Nimbus comes pre-loaded with a slightly modified version of MPICH that knows about beomap and bproc. These modifications allow MPI applications to run conveniently on a Nimbus cluster without a need for various wrapper applications (such as mpirun)

The number of processes spawned, and where they are run is controlled through environment variables that are read by the beomap system. In brief, they are:

Should something go wrong and you need to kill the job, all of the processes will be seen with the ps command on the master. You can then use the kill command as if the jobs are local. This is in sharp contrast to 1st generation Beowulf where you would need to rsh around the cluster killing off runaway processes.

Compiling and linking

You may use the mpicc wrapper just as the unmodified MPICH normally does. Otherwise, all that is necessary is to link your application with bproc and mpi using -lbproc -lmpi in your command line. That's actually all that mpicc does for you anyway.

Programming

For maximum compatibility, the bproc modified MPICH is meant to meet the normal assumptions of an MPI program. It also offers a few features that can be quite useful, though caution is advised to avoid breaking compatibility with old school systems.

The primary difference is in the exact behavior of MPI_Init. On 1st generation Beowulf systems, and many others, some sort of wrapper (mpirun for example) is responsible for using rsh to run a copy of the program on all desired nodes. The command line arguments are pre-pended with MPI arguments that assign rank, and specify how the child processes should connect back to the root rank.

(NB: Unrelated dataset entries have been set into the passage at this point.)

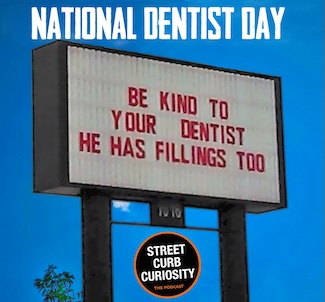 a funny sign under blue skies saying you should be kind to your dentist.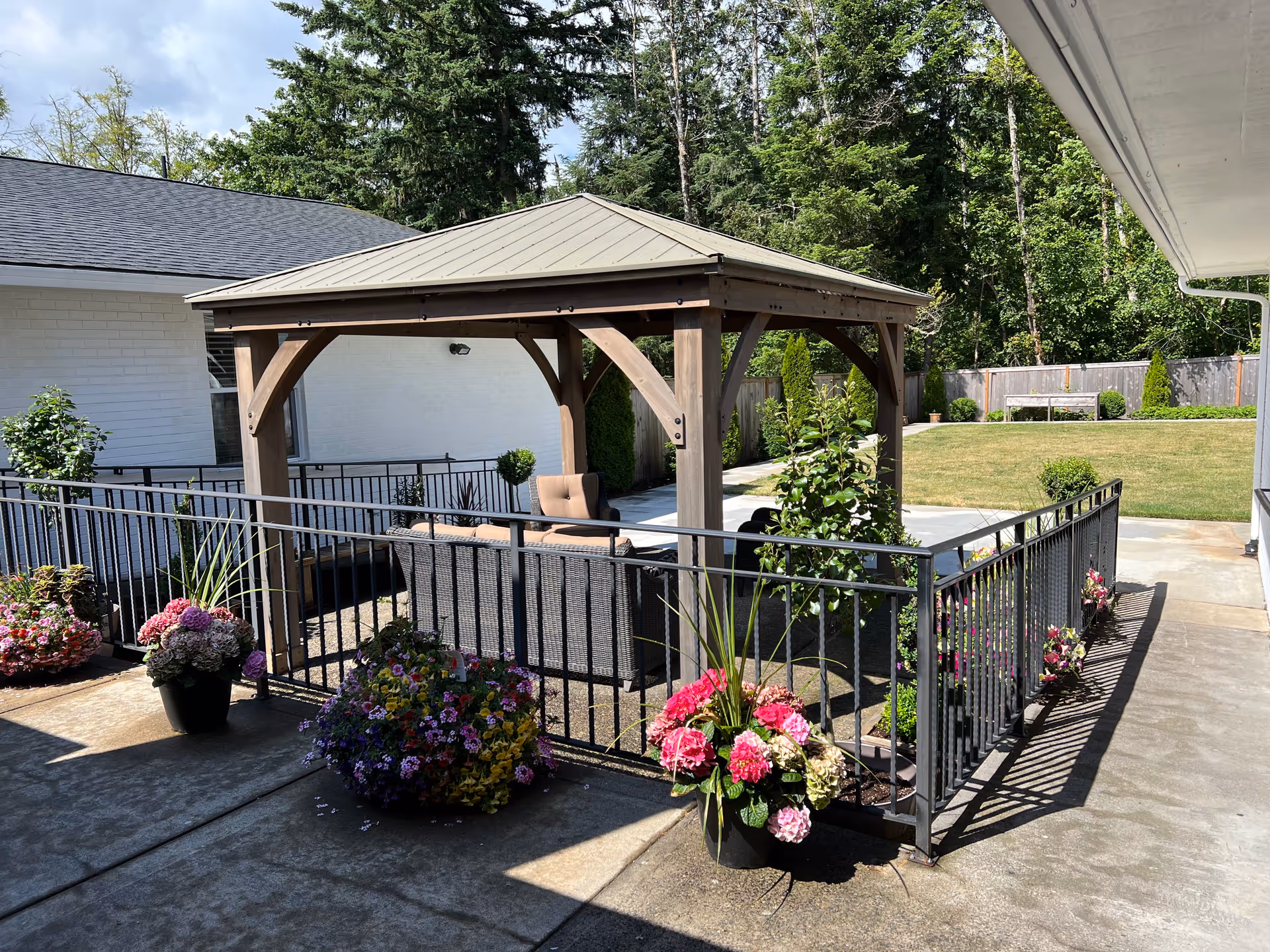 Outdoor patio area with a wooden gazebo featuring a metal roof, surrounded by black metal railings and several colorful flower pots. In the background, there is a grassy lawn, trees, and a white building with a window.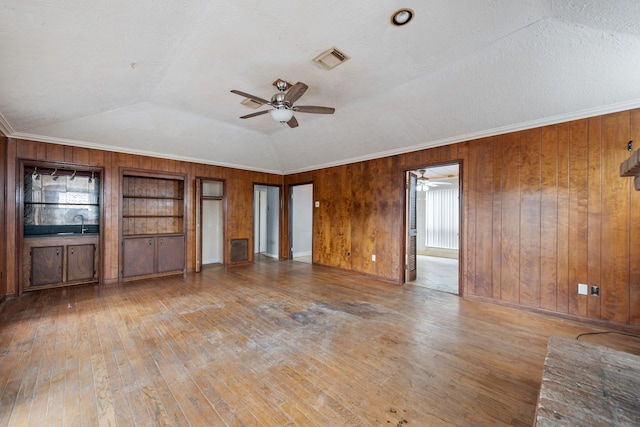 unfurnished living room with crown molding, lofted ceiling, built in shelves, and light hardwood / wood-style floors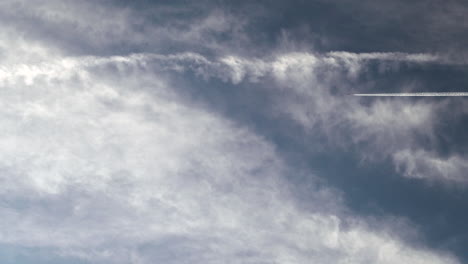 a jet leaving contrails in its wake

On a Nimbus system, the program simply starts executing on the master as any non-MPI program would. Inside MPI_Init, a call is made to beomap to get a list of available CPUs which will meet the requirements of the environment variables documented above. Then, a series of bproc_rfork calls are mad to fork child processes and migrate them to their intended CPU. MPI_Init will return in each process of the job.

As long as MPI_Init is the first thing done in the program (as it should be), there is no difference. If other initialization is done first, there may be subtle differences in behavior. A few of the differences may be fatal. Foremost, files must NOT be opened before MPI_Init. the act of migration causes all open file handles other than stdin, stdout, and stderr to become invalid. Other cases where subtle behavior changes may be noted include fetching a random seed value from /dev/random. On a bproc system, that fetch will only happen on the root rank. other ranks will get a copy of the seed value instead. Don't do this unless you would then bcast the value anyway.

It may be tempting to do some setup steps like the above before calling MPI_Init as an elegant way to skip a bcast or 12. While it IS elegant, it is not portable, thus should probably be avoided.

To emphasize: MAKE MPI_Init the first thing your program does unless you have thought very carefully about unintended consequences.

Note that the semantics of MPI_Init in Nimbus meet standards requirements. The differences are in the undefined gray areas.